Moving from full EU membership but staying inside the EU Single Market under the EEA Agreement would not return to the UK any effective power to control its own borders with regard to immigration from the EU, or indeed immigration of third country nationals such as dependents who derive their right to enter from EU nationals.
A number of commentators have however suggested that Article 112 of the EEA Agreement would give the UK a right to impose an “emergency brake” on immigration from the EU. This is not correct. Such suggestions flow from a misunderstanding of the terms and purposes of Article 112.
Article 112 is not specifically related to free movement of persons. It provides a general right to take “safeguard measures” if “serious economic, societal or environmental difficulties of a sectorial or regional nature liable to persist are arising” (emphasis added). Any safeguard measures are meant to be strictly necessary, temporary and as limited as possible in their scope.
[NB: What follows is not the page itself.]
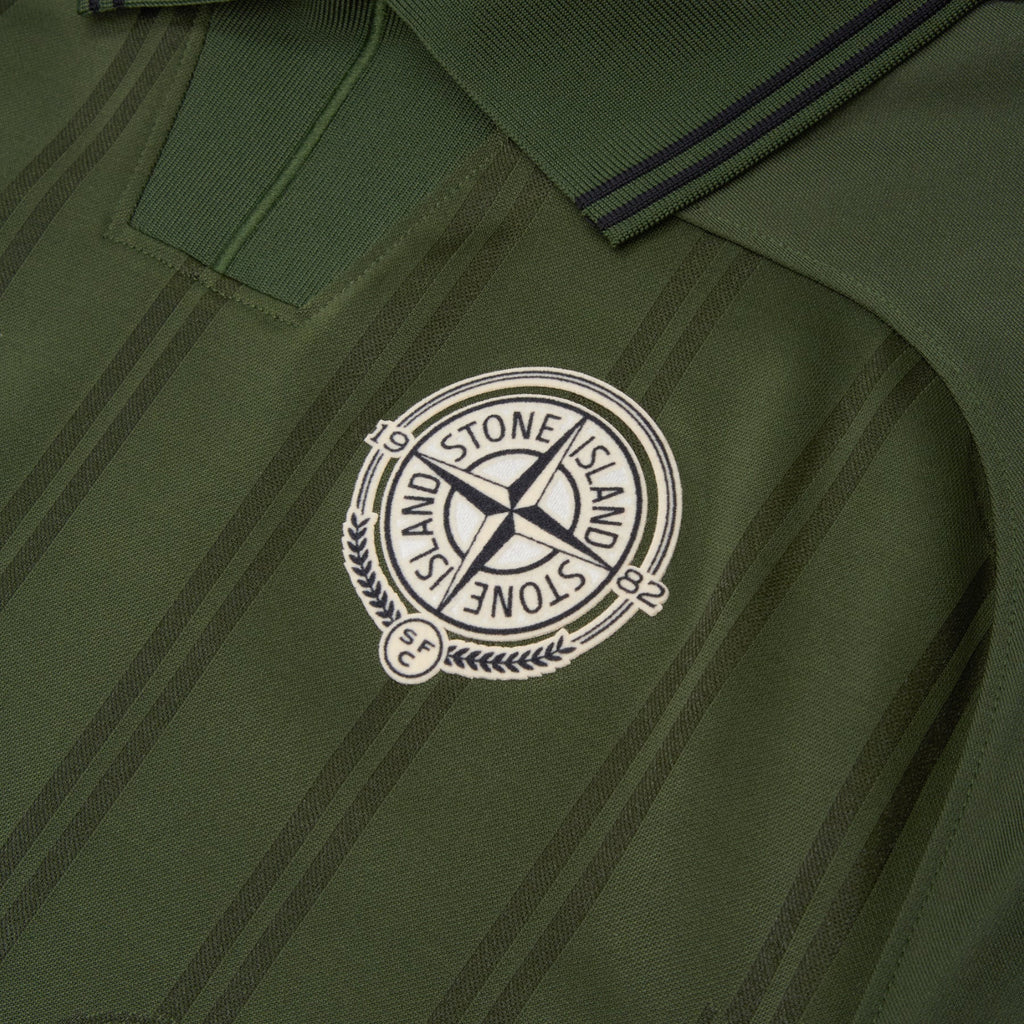Stone Island X New Balance 26/27 Kit (Green)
As provided by Article 112(2):
“2. Such safeguard measures shall be restricted with regard to their scope and duration to what is strictly necessary in order to remedy the situation. Priority shall be given to such measures as will least disturb the functioning of this Agreement.”
The key point to note about Article 112 is that it relates to “difficulties of a sectoral or regional nature”. Therefore it would not extend to measures taken to restrict immigration into a whole large country such as the UK. Some commentators who have referred to this provision cite the fact that it has been invoked by Liechtenstein to justify certain restrictions on immigration into that small country after immigration reached very high levels indeed compared with Liechtenstein’s small population. While it is possible to describe a difficulty affecting the whole of tiny Liechtenstein as “regional”, such a description could not apply to the UK. Nation-wide safeguard measures under Article 112 of the EEA Agreement would not be available to the UK unless we were willing flagrantly to breach the treaty.
It should also be noted that taking safeguard measures under Article 112 then gives rise to a right of the other parties under Article 114 to take “proportionate rebalancing measures” in response. It seems certain that any attempt by the UK to invoke Article 112 in relation to free movement of persons would be seen as an act of bad faith and as abandoning the treaty obligations the UK would have assumed by staying in the Single Market and would provoke a retaliatory response from the EU.